TASK TO CARRY OUT: The data below is to be transcribed word for word; pictures are to be excluded.

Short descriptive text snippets
---------------

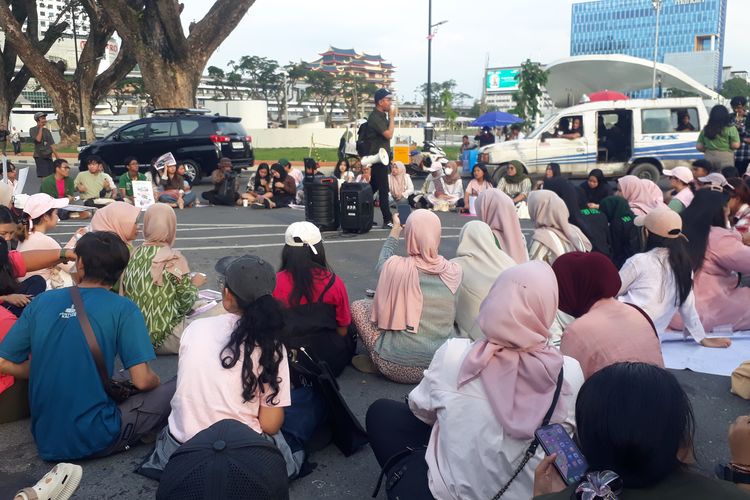 Massa aksi duduk di jalan sembari menyimak orator menyampaikan sejumlah tuntutannya saat unjuk rasa di Jalan Balai Kota, Medan, Sabtu (6/9/2025).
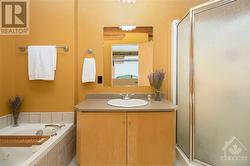 Second floor bathroom with large soaker tub and walk in shower - 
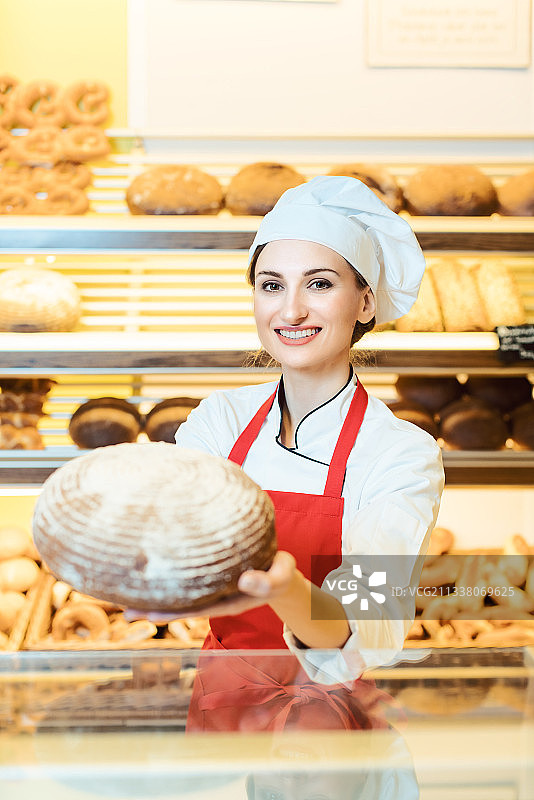 在面包店里，戴着围裙的女售货员正对着镜头展示新鲜的面包图片素材
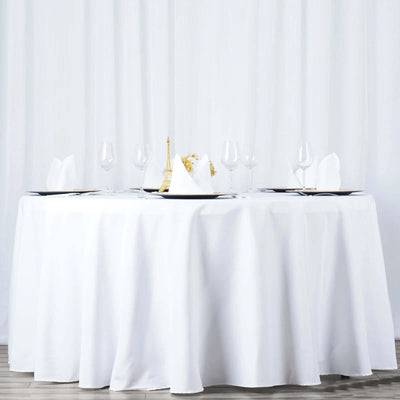 Elegant round table set for dining with white tablecloth and glassware.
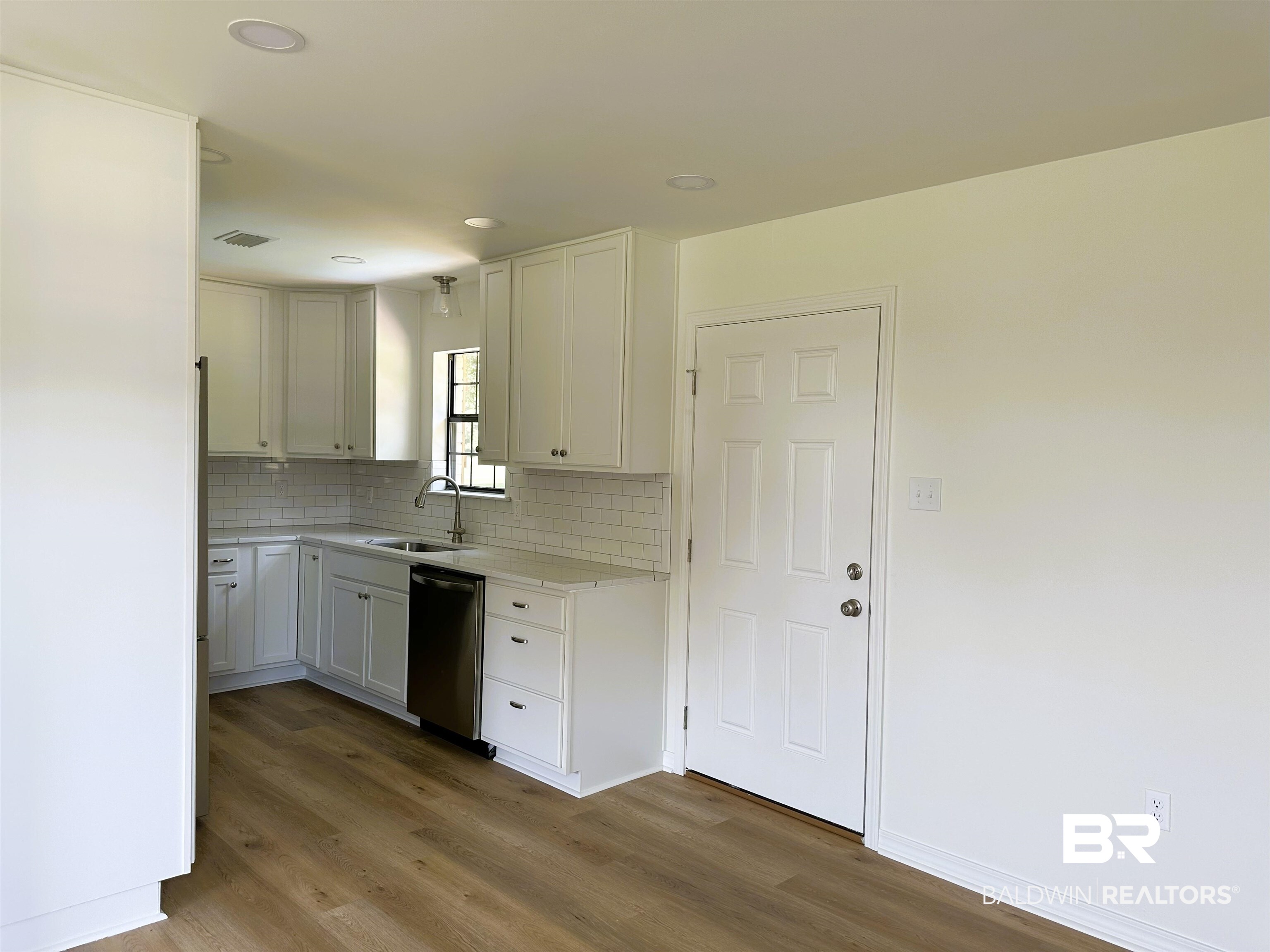 701 McRae Street Atmore, AL 36502 - Photo 4 of 11 Kitchen with dark wood finished floors, decorative backsplash, white cabinetry, stainless steel dishwasher, and light stone countertops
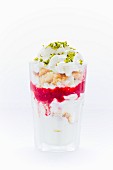 Frozen yoghurt with vanilla cake, meringue, raspberry purée, pistachios and cream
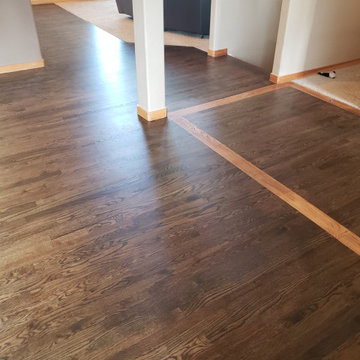 Hardwood Elegance with Custom Inlays & Entry Border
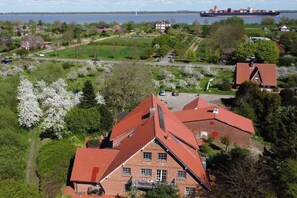 A residential area with houses, a large body of water, and a cargo ship in the distance. - Holiday apartment with 2 bedrooms (Elbinsel Krautsand)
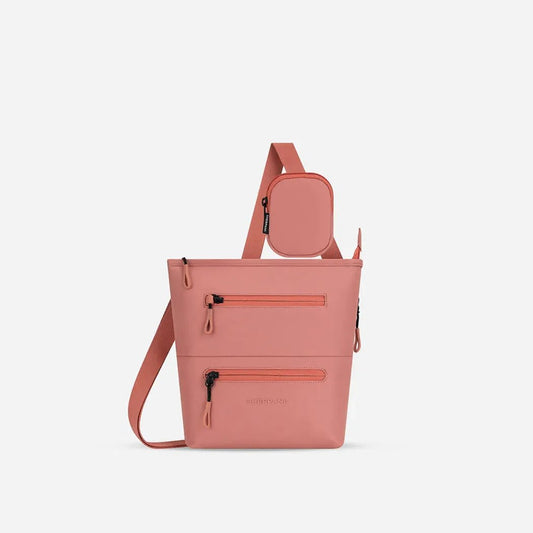 A front view of the Sherpani Sadie with Strap Pocket in Desert showing the front pockets and attached strap pocket against a white background.
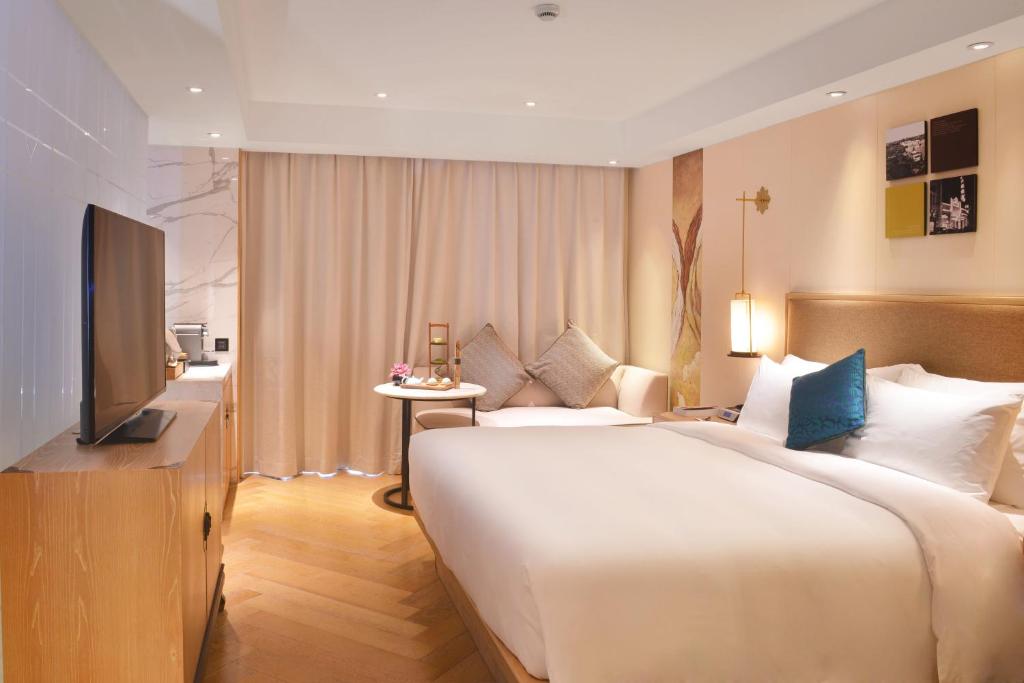 um quarto de hotel com uma cama grande e uma televisão em LN Hotel Five em Guangzhou
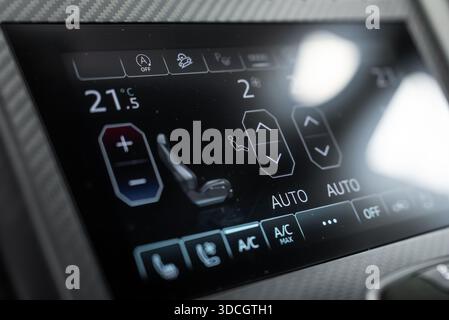 Car digital climate touchscreen shows dual zone 21.5 C and AUTO mode Stock Photo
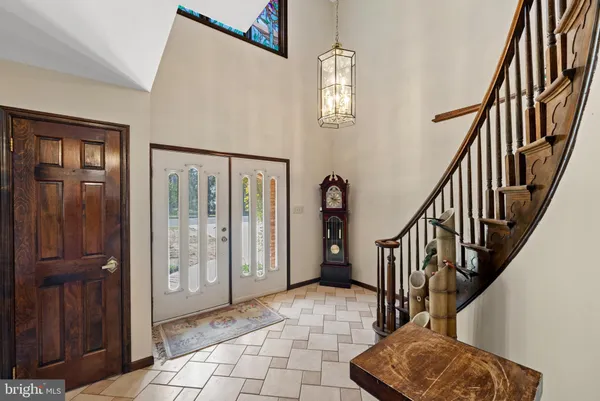 an empty room with wooden floor fireplace and windows
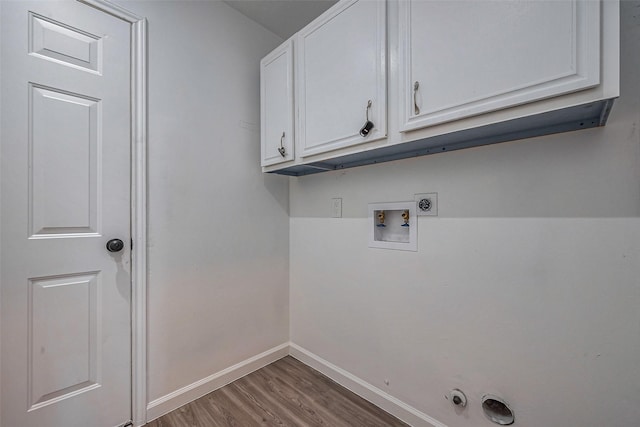 washroom featuring hookup for a washing machine, wood finished floors, baseboards, cabinet space, and electric dryer hookup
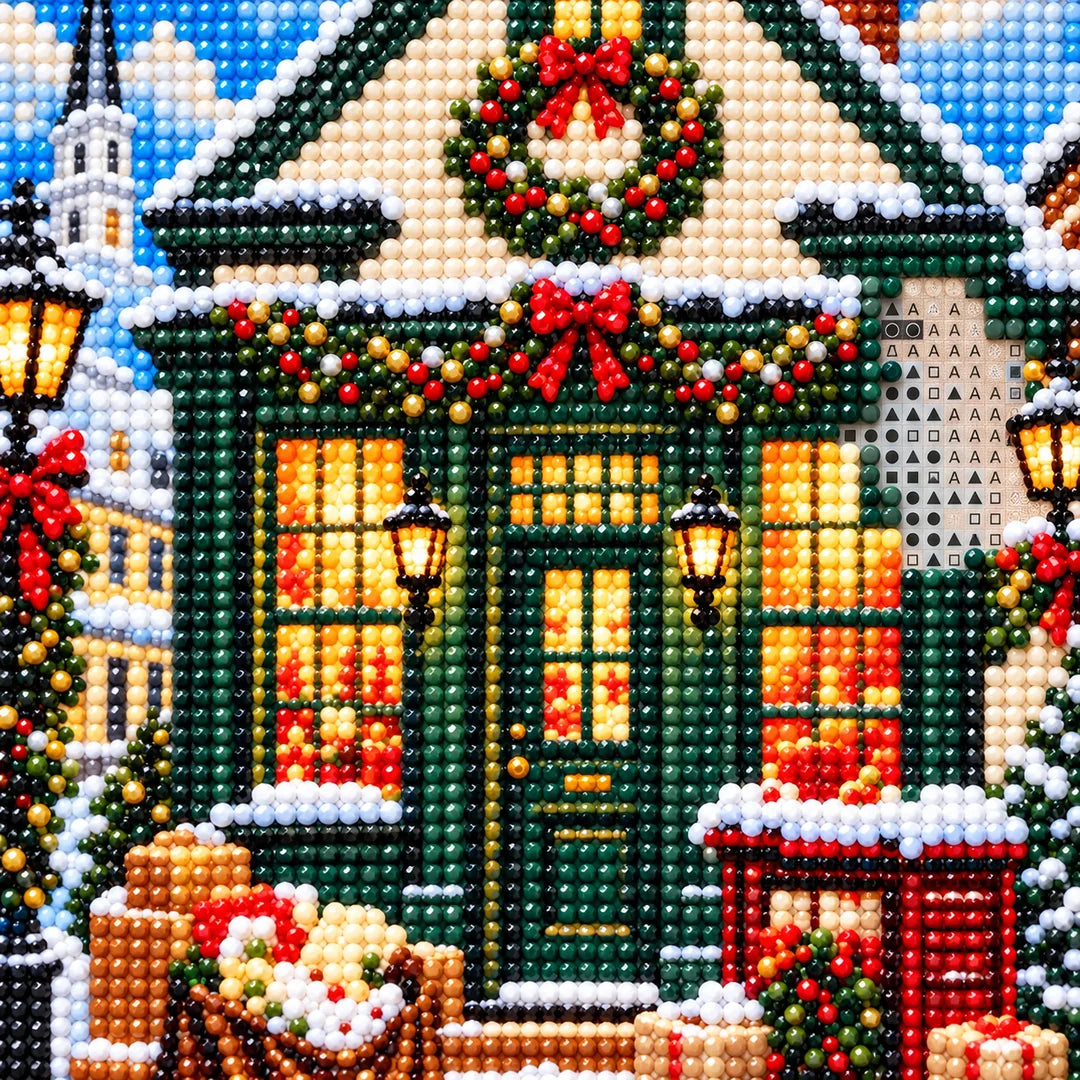 Close detail of uniform resin drills and symbols on Cozy Christmas Cottage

---------------

RESPONSE FOR THIS EXERCISE:
 Massa aksi duduk di jalan sembari menyimak orator menyampaikan sejumlah tuntutannya saat unjuk rasa di Jalan Balai Kota, Medan, Sabtu (6/9/2025).
 Second floor bathroom with large soaker tub and walk in shower - 
 在面包店里，戴着围裙的女售货员正对着镜头展示新鲜的面包图片素材
 Elegant round table set for dining with white tablecloth and glassware.
 701 McRae Street Atmore, AL 36502 - Photo 4 of 11 Kitchen with dark wood finished floors, decorative backsplash, white cabinetry, stainless steel dishwasher, and light stone countertops
 Frozen yoghurt with vanilla cake, meringue, raspberry purée, pistachios and cream
 Hardwood Elegance with Custom Inlays & Entry Border
 A residential area with houses, a large body of water, and a cargo ship in the distance. - Holiday apartment with 2 bedrooms (Elbinsel Krautsand)
 A front view of the Sherpani Sadie with Strap Pocket in Desert showing the front pockets and attached strap pocket against a white background.
 um quarto de hotel com uma cama grande e uma televisão em LN Hotel Five em Guangzhou
 Car digital climate touchscreen shows dual zone 21.5 C and AUTO mode Stock Photo
 an empty room with wooden floor fireplace and windows
 washroom featuring hookup for a washing machine, wood finished floors, baseboards, cabinet space, and electric dryer hookup
 Close detail of uniform resin drills and symbols on Cozy Christmas Cottage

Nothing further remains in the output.